- [TASK DATA]:
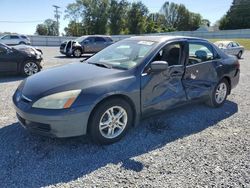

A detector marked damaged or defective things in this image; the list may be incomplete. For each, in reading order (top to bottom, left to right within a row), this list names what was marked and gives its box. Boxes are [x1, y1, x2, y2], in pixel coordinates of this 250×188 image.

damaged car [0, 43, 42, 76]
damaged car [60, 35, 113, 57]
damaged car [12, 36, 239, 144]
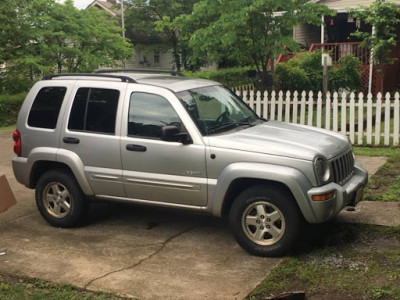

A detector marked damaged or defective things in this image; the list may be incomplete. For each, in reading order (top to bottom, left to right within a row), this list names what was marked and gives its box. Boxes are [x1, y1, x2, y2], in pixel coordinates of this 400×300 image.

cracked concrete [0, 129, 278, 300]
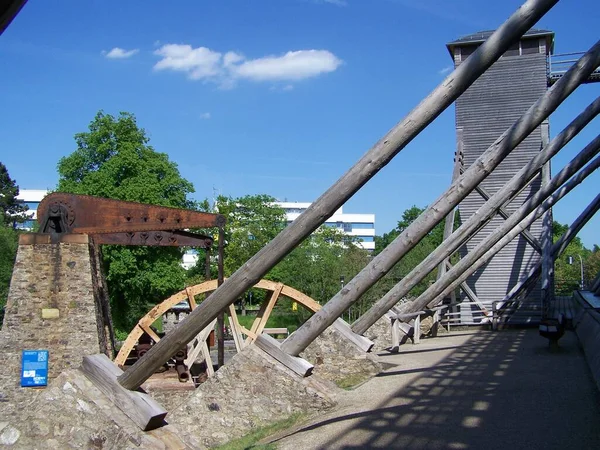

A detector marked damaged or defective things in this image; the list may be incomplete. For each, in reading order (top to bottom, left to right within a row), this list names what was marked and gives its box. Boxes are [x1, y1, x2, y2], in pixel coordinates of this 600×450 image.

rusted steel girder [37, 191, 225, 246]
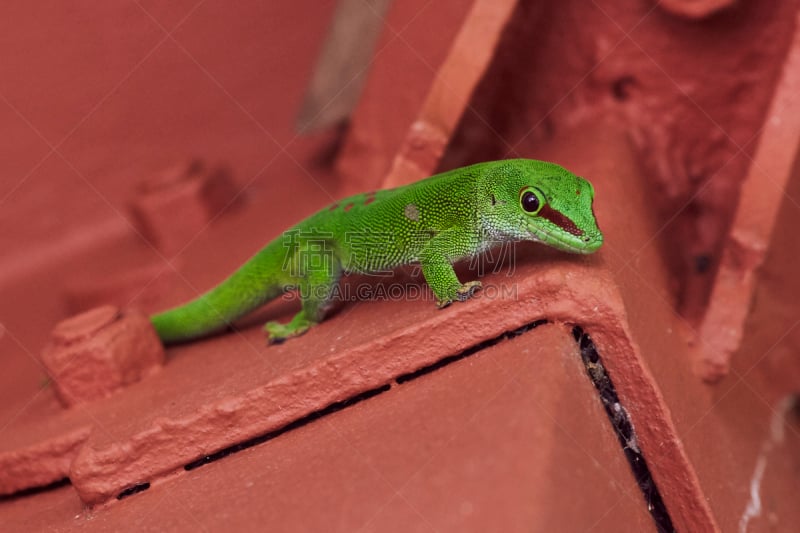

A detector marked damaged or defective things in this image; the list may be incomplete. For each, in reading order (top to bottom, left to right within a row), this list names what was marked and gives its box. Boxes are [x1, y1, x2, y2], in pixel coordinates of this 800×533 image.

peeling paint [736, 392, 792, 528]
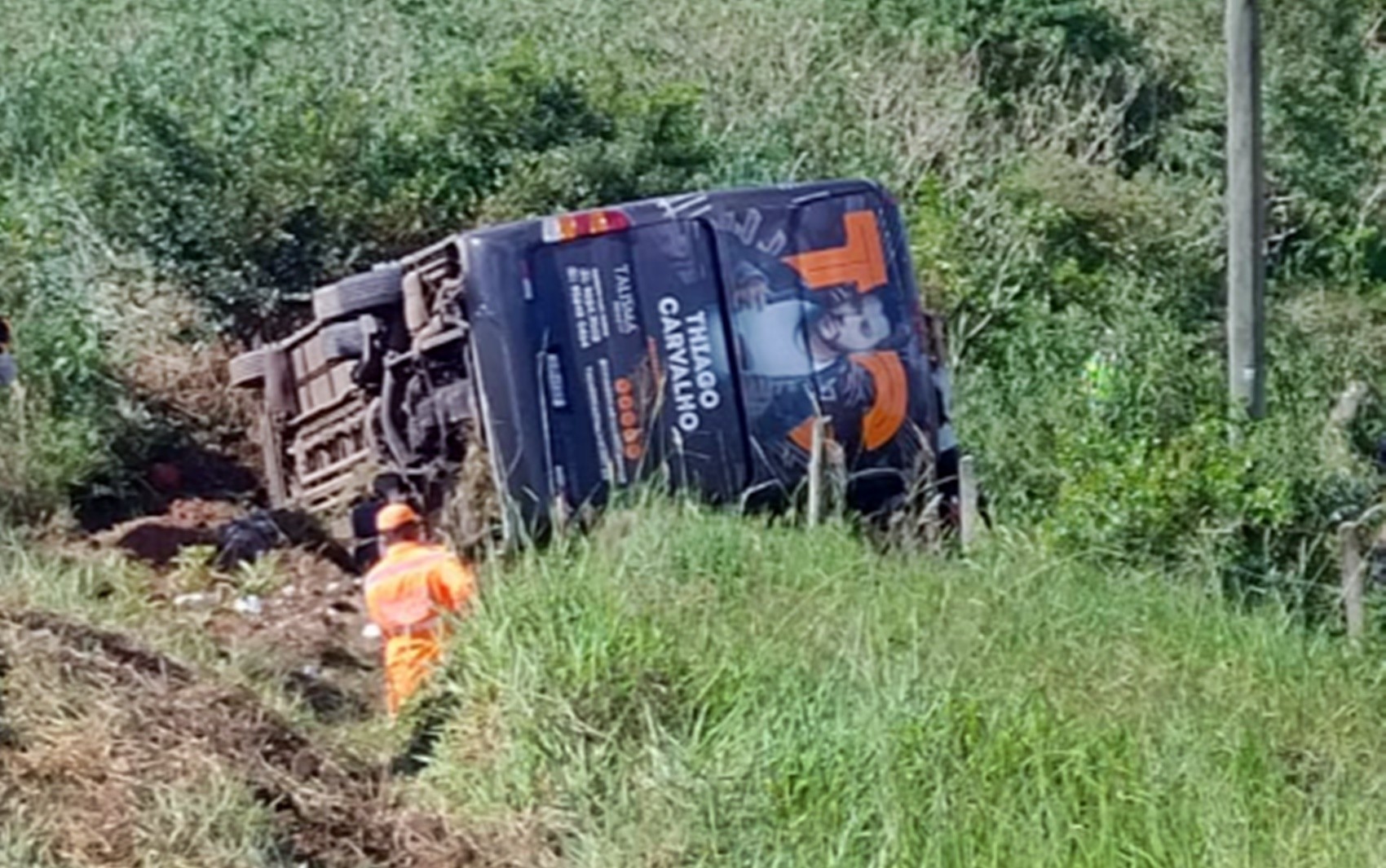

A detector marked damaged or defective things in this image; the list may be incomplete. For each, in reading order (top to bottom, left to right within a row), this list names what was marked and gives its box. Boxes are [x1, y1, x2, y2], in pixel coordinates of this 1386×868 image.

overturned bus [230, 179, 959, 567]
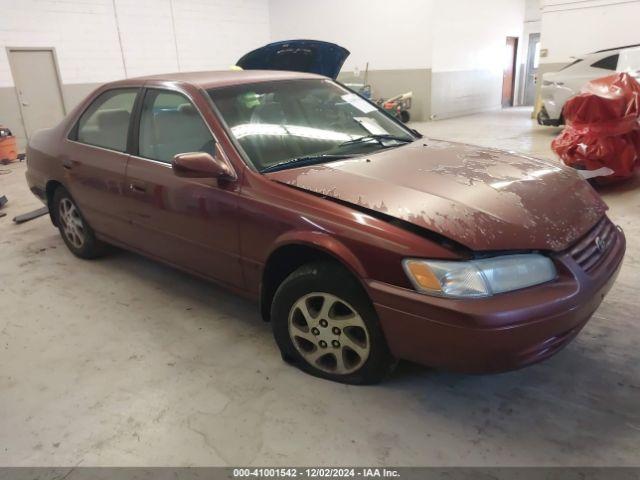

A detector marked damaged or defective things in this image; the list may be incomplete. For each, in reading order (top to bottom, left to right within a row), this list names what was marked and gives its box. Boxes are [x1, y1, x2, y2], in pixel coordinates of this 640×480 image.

- [WHAT YOU HAVE TO DO]: From the line containing "this 1386×868 image." to the last line of the entries, output every line exactly as written, but leave out the pictures.

- [TASK SOLUTION]:
A detector marked damaged or defective things in this image; the list may be incomplete. For each, in reading order (top to bottom, left to right within a row), this list names what was marked and gives its box. Boxes are [x1, y1, x2, y2], in pixel coordinates of this 1386×868 image.

overturned bus [230, 179, 959, 567]

A detector marked damaged or defective things in this image; the list may be incomplete. For each, in reading order (top to bottom, left to right within a row), this list names what was marked and gives its box. Boxes are [x1, y1, x2, y2], in pixel coordinates of this 640×480 image.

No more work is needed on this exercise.